Dear staff, students and members of the LSE community,

The Senior Leadership Team met yesterday morning to consider a range of issues relating to the UK’s vote to leave the European Union.

As is evident from media headlines and the financial markets, these are very uncertain times and the shock of the decision that has just been made is both raw and palpable. It is a fast changing picture and in the current situation any sense of surety is in regrettably short supply.

Given our very strong international connections, we appreciate that many LSE staff and students will be experiencing anxiety about what the future holds for them personally and for the School itself.

Julia Black and I, on behalf of the Senior Leadership Team, therefore wanted to bring you up to speed on where things stand, what actions we are  taking and, as far as we are able, offer reassurance to and solidarity with the entire School community, and especially our non-UK colleagues and students, over the implications of the Brexit vote.

Since Thursday colleagues have been communicating to students - current students and  offer holders - that fees for all new EU students will remain at the rate for home students until at least 2017-18, and that LSE remains a welcoming and globally-oriented centre of higher education.

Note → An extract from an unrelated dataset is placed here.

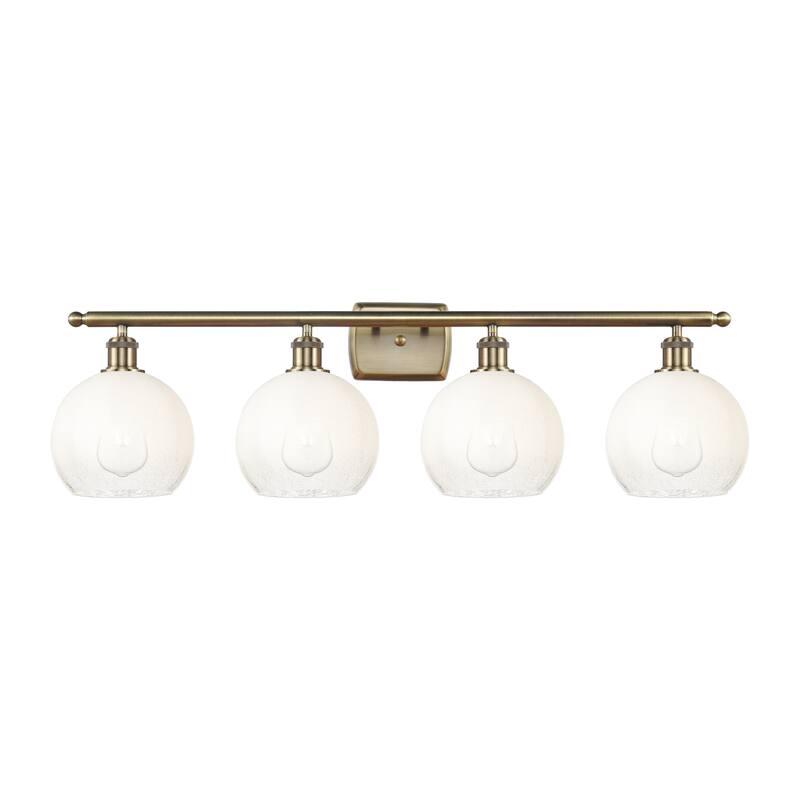Innovations Lighting Endless Possibilities Ballston - Brookhaven Globe - 4 Light 38" Bath Vanity Light - Antique Brass/Opal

HR has been addressing the concerns of EU staff members over issues relating to current and future immigration status. And our Research Division colleagues have been examining the implications for EU programmes such as Horizon 2020.

We will always emphasise the importance of maintaining LSE’s international character, its intellectual vibrancy, and our values of diversity, tolerance and mutual respect. We will always advocate for our staff and students and we are proud of our international partnerships and research, and the unique education made possible by having one of the most internationally diverse student populations in the world. Further, LSE simply would not function without the efforts of its non-UK staff, whether academics or professional services personnel. And we can give a strong assurance that there is no short term threat to indefinite leave to remain (ILR) status for these colleagues or indeed until such time as the UK’s exit from the EU is complete.

The UK Government has clearly stated that during this period there will be no change to the circumstances of British citizens living in the EU, and European citizens living here. Brexit negotiations, if they move ahead, are likely to take at least two years and we expect stability for at least that long. Beyond that period it is ultimately for the UK Government to decide, but early indications are positive. We urge anyone with concerns to contact their HR partners.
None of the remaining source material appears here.